◆ Short descriptive text snippets
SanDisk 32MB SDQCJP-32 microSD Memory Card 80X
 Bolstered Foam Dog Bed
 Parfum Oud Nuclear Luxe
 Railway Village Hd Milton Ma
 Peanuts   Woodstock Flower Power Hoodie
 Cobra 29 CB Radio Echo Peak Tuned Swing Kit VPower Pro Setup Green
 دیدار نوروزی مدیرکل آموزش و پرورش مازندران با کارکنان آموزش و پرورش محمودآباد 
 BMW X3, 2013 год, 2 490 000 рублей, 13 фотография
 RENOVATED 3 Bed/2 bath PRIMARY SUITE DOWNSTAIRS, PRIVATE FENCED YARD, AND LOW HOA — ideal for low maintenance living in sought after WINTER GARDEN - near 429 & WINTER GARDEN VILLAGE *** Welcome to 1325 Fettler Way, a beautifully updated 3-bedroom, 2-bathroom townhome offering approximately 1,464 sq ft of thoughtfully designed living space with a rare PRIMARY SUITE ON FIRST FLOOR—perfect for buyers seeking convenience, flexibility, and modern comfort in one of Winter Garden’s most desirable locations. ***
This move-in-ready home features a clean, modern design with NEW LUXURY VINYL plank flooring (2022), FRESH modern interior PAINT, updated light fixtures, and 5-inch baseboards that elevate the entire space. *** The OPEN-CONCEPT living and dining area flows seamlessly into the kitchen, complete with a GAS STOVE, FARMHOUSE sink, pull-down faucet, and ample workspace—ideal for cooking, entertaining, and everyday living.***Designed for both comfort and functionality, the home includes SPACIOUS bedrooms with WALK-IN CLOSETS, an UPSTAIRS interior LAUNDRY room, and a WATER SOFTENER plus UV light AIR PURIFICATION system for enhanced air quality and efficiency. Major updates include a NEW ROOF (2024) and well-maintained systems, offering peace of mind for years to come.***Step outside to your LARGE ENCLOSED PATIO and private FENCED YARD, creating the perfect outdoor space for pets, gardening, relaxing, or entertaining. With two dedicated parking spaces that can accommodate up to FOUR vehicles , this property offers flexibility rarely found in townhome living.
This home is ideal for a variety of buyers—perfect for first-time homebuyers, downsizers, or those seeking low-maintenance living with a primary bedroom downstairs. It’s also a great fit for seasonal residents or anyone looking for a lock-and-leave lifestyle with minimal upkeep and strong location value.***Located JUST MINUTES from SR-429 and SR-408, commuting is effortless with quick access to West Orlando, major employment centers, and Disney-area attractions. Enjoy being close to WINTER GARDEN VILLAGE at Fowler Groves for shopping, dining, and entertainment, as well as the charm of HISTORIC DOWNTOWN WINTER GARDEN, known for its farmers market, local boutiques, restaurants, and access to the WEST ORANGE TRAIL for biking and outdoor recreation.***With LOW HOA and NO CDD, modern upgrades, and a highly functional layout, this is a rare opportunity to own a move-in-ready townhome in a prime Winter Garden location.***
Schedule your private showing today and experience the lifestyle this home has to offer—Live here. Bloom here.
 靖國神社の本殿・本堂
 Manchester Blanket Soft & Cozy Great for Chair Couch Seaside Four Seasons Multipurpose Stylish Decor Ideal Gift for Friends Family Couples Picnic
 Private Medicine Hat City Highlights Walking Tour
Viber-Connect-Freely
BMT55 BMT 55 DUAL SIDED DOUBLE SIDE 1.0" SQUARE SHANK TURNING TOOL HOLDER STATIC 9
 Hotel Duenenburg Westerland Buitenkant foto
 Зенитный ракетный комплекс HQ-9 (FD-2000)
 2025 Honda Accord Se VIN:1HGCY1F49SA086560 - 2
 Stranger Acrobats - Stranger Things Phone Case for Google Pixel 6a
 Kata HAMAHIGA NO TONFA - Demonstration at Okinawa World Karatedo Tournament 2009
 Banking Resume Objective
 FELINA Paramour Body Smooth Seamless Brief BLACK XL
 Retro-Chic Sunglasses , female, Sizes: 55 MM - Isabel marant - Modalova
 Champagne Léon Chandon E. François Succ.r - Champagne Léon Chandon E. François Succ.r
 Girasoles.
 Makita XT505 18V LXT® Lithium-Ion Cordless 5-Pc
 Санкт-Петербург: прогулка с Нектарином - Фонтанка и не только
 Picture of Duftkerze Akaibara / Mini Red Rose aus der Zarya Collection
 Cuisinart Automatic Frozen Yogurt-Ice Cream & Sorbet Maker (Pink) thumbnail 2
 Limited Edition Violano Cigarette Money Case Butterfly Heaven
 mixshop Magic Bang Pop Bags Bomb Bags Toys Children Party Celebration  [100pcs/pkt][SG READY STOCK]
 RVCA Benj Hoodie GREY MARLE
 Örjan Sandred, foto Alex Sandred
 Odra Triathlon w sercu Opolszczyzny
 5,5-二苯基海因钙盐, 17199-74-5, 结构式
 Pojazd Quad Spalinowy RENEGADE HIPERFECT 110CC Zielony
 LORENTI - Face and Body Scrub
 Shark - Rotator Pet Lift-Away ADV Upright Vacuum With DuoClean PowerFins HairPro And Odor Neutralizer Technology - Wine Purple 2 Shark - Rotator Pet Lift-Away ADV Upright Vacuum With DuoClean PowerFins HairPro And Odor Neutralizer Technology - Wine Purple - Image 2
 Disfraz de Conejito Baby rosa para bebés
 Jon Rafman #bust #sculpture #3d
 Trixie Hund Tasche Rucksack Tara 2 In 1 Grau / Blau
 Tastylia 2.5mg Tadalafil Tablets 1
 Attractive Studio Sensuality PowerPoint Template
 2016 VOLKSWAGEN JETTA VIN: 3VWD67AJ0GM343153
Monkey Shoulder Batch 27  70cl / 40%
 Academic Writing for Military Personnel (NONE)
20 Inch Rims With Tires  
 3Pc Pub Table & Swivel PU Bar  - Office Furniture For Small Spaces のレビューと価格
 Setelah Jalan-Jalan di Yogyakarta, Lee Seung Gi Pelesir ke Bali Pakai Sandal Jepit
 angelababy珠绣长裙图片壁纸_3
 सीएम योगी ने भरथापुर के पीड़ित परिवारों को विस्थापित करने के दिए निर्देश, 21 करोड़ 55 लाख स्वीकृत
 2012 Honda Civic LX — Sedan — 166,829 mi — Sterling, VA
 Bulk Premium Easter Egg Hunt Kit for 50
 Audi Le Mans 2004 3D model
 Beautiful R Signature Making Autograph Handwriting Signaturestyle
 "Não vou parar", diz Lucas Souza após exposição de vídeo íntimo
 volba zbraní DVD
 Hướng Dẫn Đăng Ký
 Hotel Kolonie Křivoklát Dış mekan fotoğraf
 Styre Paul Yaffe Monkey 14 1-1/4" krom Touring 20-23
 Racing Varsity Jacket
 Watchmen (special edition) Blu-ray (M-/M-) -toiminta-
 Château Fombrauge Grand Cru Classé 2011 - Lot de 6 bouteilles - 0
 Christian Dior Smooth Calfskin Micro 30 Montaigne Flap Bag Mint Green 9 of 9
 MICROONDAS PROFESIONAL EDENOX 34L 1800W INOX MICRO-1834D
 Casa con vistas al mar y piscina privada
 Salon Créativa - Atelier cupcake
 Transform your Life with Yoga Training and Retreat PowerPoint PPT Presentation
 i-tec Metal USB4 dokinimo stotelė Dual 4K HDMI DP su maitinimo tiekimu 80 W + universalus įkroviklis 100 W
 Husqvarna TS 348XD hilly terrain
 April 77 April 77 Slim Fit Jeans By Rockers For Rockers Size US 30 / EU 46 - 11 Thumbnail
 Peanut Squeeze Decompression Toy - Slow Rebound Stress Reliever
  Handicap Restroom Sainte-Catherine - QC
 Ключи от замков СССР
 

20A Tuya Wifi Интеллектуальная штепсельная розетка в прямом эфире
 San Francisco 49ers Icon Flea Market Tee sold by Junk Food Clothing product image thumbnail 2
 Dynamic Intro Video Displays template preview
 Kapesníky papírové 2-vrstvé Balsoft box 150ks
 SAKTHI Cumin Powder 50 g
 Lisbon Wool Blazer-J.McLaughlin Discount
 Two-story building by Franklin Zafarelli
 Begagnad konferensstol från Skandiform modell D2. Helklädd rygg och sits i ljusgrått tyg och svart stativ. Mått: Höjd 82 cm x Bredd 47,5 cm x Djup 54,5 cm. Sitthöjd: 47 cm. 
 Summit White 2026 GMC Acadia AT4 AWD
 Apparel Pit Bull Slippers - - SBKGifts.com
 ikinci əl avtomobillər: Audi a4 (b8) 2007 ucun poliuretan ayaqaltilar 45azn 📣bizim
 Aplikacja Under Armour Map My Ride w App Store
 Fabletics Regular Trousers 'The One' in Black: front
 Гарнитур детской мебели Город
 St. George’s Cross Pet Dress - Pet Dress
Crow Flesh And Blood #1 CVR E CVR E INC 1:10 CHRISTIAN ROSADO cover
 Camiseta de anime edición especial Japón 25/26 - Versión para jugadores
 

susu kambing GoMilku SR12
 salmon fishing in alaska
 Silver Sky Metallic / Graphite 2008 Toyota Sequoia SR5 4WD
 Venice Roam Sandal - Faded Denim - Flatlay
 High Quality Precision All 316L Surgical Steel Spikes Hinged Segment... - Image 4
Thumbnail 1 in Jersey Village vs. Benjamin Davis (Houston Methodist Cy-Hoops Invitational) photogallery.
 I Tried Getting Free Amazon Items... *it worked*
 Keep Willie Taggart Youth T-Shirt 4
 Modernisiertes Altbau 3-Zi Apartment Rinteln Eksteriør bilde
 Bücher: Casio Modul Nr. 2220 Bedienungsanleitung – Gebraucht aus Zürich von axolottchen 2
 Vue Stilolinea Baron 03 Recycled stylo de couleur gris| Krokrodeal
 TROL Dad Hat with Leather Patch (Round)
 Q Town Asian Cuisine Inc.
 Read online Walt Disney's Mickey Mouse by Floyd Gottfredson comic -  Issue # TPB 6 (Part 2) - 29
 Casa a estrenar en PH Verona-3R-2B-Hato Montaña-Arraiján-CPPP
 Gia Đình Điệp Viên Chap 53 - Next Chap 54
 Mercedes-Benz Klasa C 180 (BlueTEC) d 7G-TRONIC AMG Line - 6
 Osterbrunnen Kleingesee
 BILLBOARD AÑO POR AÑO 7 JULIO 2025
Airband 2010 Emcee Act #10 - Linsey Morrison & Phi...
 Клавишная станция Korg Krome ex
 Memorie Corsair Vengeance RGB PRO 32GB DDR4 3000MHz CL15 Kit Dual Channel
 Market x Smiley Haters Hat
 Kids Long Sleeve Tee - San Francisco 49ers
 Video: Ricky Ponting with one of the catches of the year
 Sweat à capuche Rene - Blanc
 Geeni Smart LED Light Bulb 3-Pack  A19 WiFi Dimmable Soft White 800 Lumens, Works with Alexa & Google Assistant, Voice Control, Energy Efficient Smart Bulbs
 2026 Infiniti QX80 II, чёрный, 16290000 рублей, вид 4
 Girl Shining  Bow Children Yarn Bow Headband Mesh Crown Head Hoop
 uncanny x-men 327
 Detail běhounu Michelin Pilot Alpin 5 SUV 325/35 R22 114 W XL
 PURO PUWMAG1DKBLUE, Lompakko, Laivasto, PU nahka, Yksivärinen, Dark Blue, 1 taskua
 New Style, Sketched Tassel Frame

◆ Task requirements
Set down, from the entries above, exactly the lines from the one with "Pojazd Quad Spalinowy" up to and including the one with "3Pc Pub Table", and no other lines.

◆ Exercise output
 Pojazd Quad Spalinowy RENEGADE HIPERFECT 110CC Zielony
 LORENTI - Face and Body Scrub
 Shark - Rotator Pet Lift-Away ADV Upright Vacuum With DuoClean PowerFins HairPro And Odor Neutralizer Technology - Wine Purple 2 Shark - Rotator Pet Lift-Away ADV Upright Vacuum With DuoClean PowerFins HairPro And Odor Neutralizer Technology - Wine Purple - Image 2
 Disfraz de Conejito Baby rosa para bebés
 Jon Rafman #bust #sculpture #3d
 Trixie Hund Tasche Rucksack Tara 2 In 1 Grau / Blau
 Tastylia 2.5mg Tadalafil Tablets 1
 Attractive Studio Sensuality PowerPoint Template
 2016 VOLKSWAGEN JETTA VIN: 3VWD67AJ0GM343153
Monkey Shoulder Batch 27  70cl / 40%
 Academic Writing for Military Personnel (NONE)
20 Inch Rims With Tires  
 3Pc Pub Table & Swivel PU Bar  - Office Furniture For Small Spaces のレビューと価格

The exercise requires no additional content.